Designers Justin Thornton and Thea Bregazzi created a deliberately two-faced collection for Fall 2013. They wanted to tap into the punk trend and created a grungy, dark, and edgy collection that was still luxurious and opulent, a marriage of concepts not easily pulled off (see: Saint Laurent Fall 2013). There was a lot of fascinating plays on shape and texture that combined old silhouettes with a punk touch, such as a flare skirt with a pencil-skirt insert for a trompe l’oeil effect, contrasting collars set askew, asymmetrical and vivid zippers, plunging necklines paired with A-line skirting, and embellished sheer shirts. However, the playful designs didn’t stop there: we were particularly smitten with the grainy film graphic print used to create abstract mosaics and the Swarovski rhinestone argyle embellishments toward the end of the show. In the end, the effect was complete – just one glimpse at the playful biker jackets and slightly abstract leopard print transport you to a Siouxsie and the Banshees concert at the MET.

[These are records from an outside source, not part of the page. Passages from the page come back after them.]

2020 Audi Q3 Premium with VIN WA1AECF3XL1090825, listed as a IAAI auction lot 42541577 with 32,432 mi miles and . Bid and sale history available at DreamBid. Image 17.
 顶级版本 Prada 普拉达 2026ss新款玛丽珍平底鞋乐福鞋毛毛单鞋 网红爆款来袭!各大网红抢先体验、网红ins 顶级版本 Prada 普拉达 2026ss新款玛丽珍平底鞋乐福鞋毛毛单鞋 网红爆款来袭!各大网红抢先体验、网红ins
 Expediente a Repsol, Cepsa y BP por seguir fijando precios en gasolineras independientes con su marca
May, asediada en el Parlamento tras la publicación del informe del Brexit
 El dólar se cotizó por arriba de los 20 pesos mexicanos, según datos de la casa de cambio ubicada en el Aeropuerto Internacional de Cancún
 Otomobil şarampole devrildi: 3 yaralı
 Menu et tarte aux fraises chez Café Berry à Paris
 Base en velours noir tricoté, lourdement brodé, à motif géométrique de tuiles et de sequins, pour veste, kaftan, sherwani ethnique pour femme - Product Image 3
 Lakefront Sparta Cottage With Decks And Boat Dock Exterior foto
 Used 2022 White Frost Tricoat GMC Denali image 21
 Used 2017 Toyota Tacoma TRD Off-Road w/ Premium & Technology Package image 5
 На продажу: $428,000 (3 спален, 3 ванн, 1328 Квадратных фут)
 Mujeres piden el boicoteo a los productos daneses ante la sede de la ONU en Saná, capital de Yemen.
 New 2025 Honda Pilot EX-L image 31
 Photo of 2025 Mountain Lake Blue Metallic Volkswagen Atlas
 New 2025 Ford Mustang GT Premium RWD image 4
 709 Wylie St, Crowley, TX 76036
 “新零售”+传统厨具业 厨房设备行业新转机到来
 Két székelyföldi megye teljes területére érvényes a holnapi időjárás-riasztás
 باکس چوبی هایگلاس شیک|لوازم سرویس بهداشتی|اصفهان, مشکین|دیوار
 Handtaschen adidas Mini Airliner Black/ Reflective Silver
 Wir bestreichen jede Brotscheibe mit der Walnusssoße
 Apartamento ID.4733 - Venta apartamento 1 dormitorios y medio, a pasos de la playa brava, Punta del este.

Mulberry’s forte is creating preppy, approachable, and luxurious apparel. The brand is well known for their top-of-the-line satchels, quirky campaigns, and adoration of accessorizing in vivid colors. This season, the normally bright colored and peppy brand took a darker turn. The fresh-faced models were slightly disheveled, bundled up as they trotted down the runway in somber colors that were sometimes streaked with a vibrant hue (yellow made a sporadic appearance), but mostly not. As a whole, the dark patterned rebellion seems entirely tongue-in-cheek, like a cheerleader taking a foray into moody shades while those around her are indulging in the recent popularity of punk. We don’t mean that in a bad way, because we love the idea of rebellion being in the form of oxblood alligator, powder pink cashmere, emerald green ostrich, and enlarged tartan imbued with sequins. It’s so unconventional and creative that we can’t help but feel like it is meant to take us back to the childlike delight of Alice in Wonderland. That said, the accessories and clothing aren’t with an adolescent in mind and cry out for the modern sophisticate who likes to branch out. Emma Hill, yet again, delivered.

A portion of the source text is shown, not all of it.